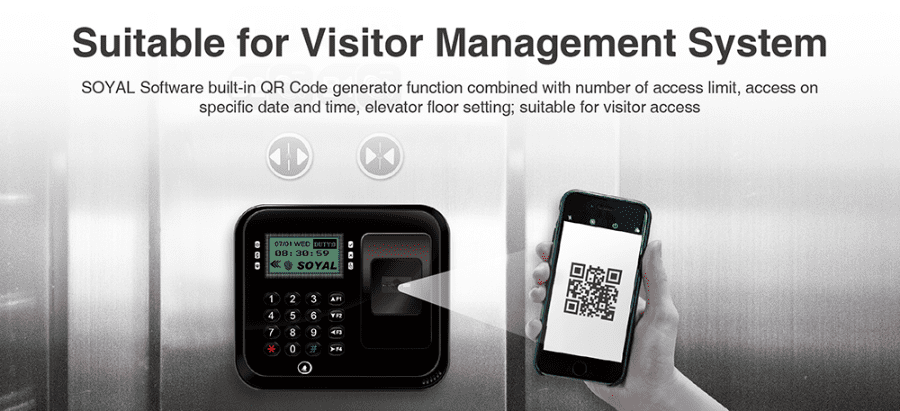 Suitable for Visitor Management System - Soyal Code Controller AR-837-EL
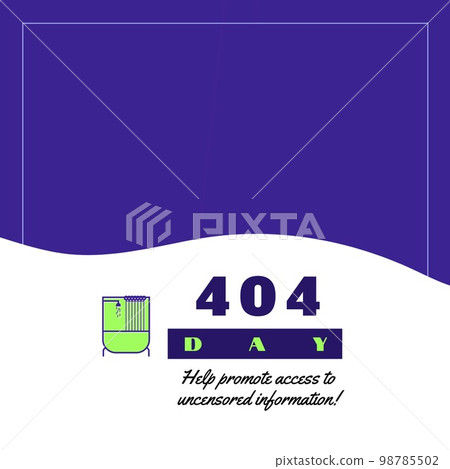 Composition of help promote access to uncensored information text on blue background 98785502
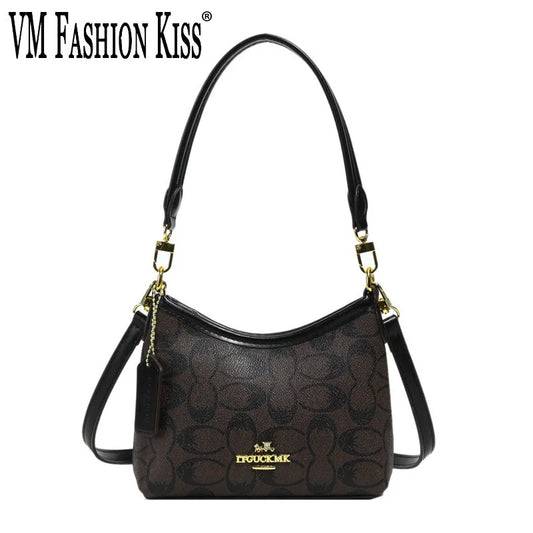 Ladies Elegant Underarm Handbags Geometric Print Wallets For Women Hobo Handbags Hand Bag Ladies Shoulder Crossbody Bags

## TASK TO COMPLETE
The copy must match the listing above exactly but contain no pictures.

## THE ANSWER
 Suitable for Visitor Management System - Soyal Code Controller AR-837-EL
 Composition of help promote access to uncensored information text on blue background 98785502
 Ladies Elegant Underarm Handbags Geometric Print Wallets For Women Hobo Handbags Hand Bag Ladies Shoulder Crossbody Bags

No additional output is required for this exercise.